The latter predictably carried criticism of Cameron but it was the Telegraph, often referred to as the ‘Torygraph’, that astonished us. The main headline reads ” Cameron, Coulson and a weekend at Chequers”, and back up columns and pages galore reveal that the prime minister invited Coulson to Chequers for a weekend in March, just ten days before two News of the World executives who served under Coulson were arrested as part of ‘Operation Weeting”, the new police investigation into phone hacking which was launched in January.

A statement from Downing Street told the paper that “The Prme Minister has made clear that Mr Coulson was and is a friend and that is why he was invited. It was to say thanks for the work he had done for us”. But the revelations don’t end there. The Telegraph has established that since taking office Cameron has held a whole series of get-togethers with the Murdochs and Rebekah Brooks, some of them described as  “purely social”.

But it is the editorial that will be causing the greatest angst in Downing Street today. Regular Telegraph readers tell me that they cannot recall such a lambasting of a Conservative prime minister by its greatest advocate. It talks of a Prime Minister who “moralises in Parliament, trying to distract attention from the fact that he has been spending family holidays with a disgraced CEO” and whom he employed, despite warnings, as his personal adviser.

The editor continues by contending that Cameron should have dismantled “this quasi-masonic circle, with its conspirational deal-cutting and back-scratching”. Instead he “invited the circle into Downing Street”. Coming from so firm an ally, this is powerful stuff.

The overall theme of one of the longest editorials imaginable is that together with policemen, Cameron and his kind have diminished Britain. A nation that once boasted, with justification, that it was the least corrupt in the world, is suddenly regarded as amongst the most venal. The government’s reputation for probity is in tatters and it is now engaged in “the shallowest form of crisis management”.

The paper’s summary is breathtaking. Large swathes of the British establishment have been implicated in this scandal. The shady characters who have been expoosed – policemen, politicians and News International executives – have so far only revealed one aim. That is to avoid giving a straight answer to the public. The suspicion is that they are all “living in fear of what may yet be revealed”
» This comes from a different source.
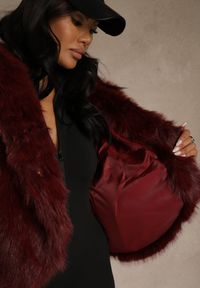 Renee - Bordowa Kurtka Futro z Nieodpinanym Kapturem Zetera. Okazja: na co dzień. Kolor: czerwony. Materiał: futro. Styl: casual, klasyczny #4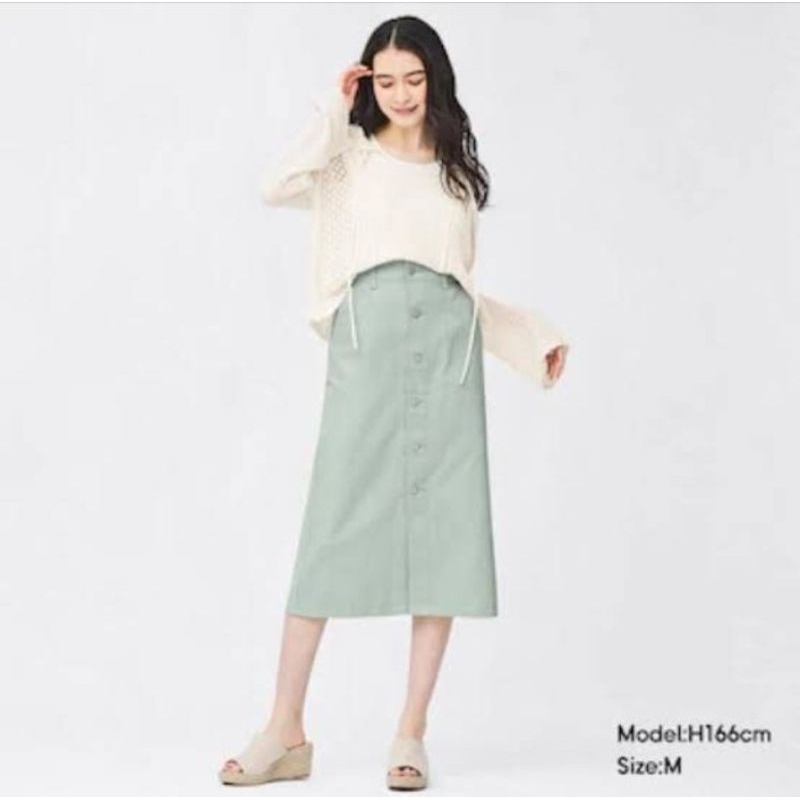 GU DENIM FRONT BUTTON MIDI SKIRT IN MINT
During my many years at university, studying political history, I can recall only one similar attack by a government-backing newspaper on a serving prime minister. To find that I have to go back to Ramsey MacDonald.

And we all know what happened to him. Cameron is not yet mortally wounded but his credibility is in tatters and it is not difficult to imagine a leadership challenge if the polls continue to heavily favour Miliband. Meantime Nick Clegg, who a few days ago forced Cameron’s hand by supporting Miliband’s Commons motion, would be well adivsed to widen the gap with someone no longer trusted by even his party’s most ardent supporters!

YOUR WEEKEND GENERAL KNOWLEDGE QUIZ;   1.  Which animal can be described as ursine?   2.  Who was the older when he died, Graham Hill or James Hunt?    3.  Which prize for fiction was instigated in 1969?  4.  Which Jackie Wilson hit was No 1 nearly thirty years after it was made?   5.  A tarpon is a type of what?   6.  In the pop charts of 2004, how was Yosuf Islam known when he was last in the charts?   7.  If something is vernal, what is it connected with?   8.  Where do Southend United play their home games?   9.  How did both James 1′s mother and son die?   10.  The sidewinder belongs to which group of snakes?